▶ Description of the task:
The answer is to be the lines below that lie between the line holding "快晴の青空と美しい海岸の風景 快晴の青空と美しい海岸の風景 134472268" and the line holding "玉米蒸还是煮好吃(水果玉米蒸还是煮好吃)", inclusive, transcribed exactly and free of pictures.

[The data — start]

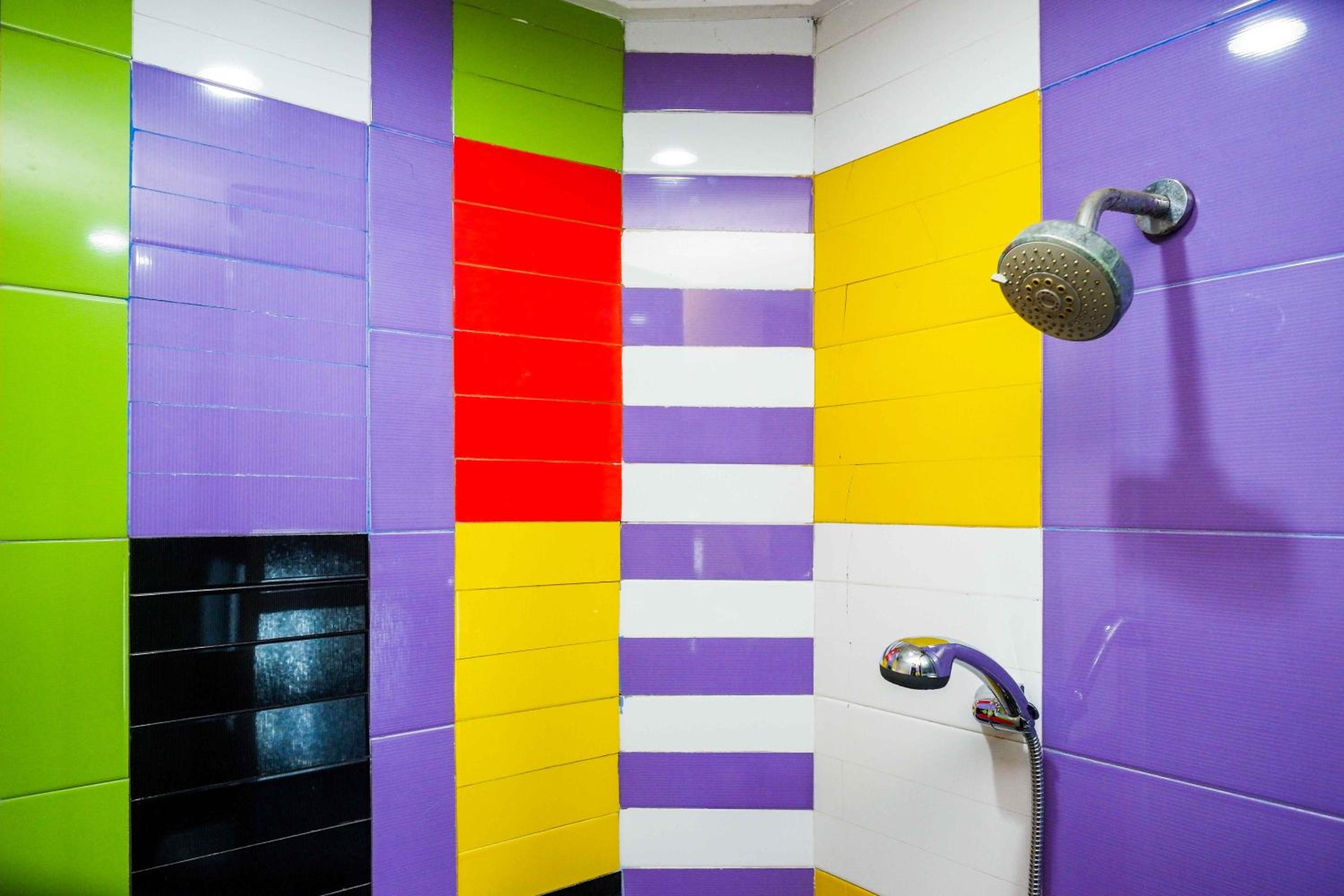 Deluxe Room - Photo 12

[The data — finish]
[The data — start]

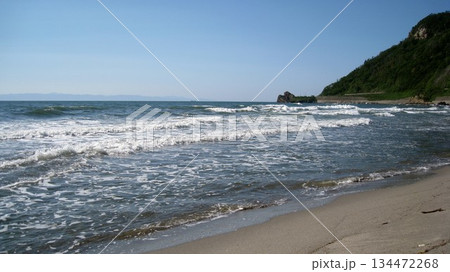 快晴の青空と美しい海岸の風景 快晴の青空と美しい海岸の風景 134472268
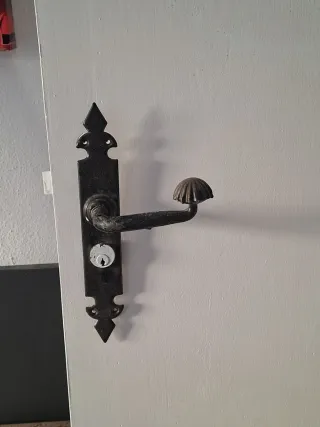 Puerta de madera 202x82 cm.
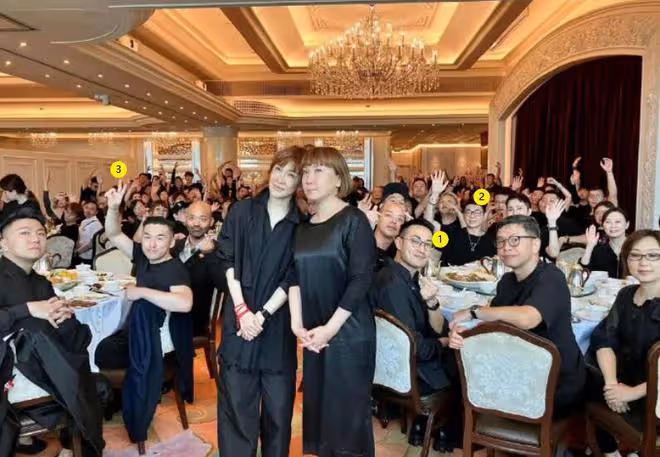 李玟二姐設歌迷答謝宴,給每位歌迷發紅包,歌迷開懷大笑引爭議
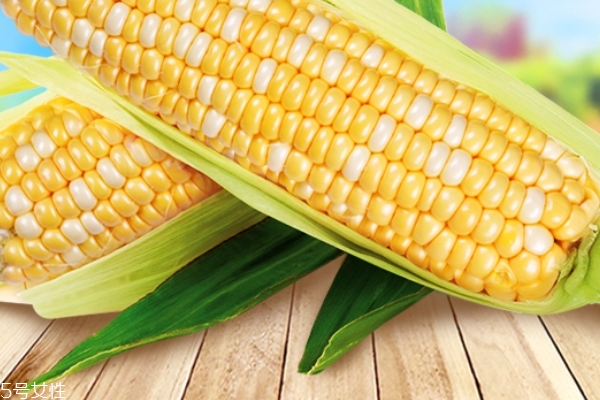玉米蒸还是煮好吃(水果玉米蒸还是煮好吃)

[The data — finish]

▶ Result of this exercise:
 快晴の青空と美しい海岸の風景 快晴の青空と美しい海岸の風景 134472268
 Puerta de madera 202x82 cm.
 李玟二姐設歌迷答謝宴,給每位歌迷發紅包,歌迷開懷大笑引爭議
玉米蒸还是煮好吃(水果玉米蒸还是煮好吃)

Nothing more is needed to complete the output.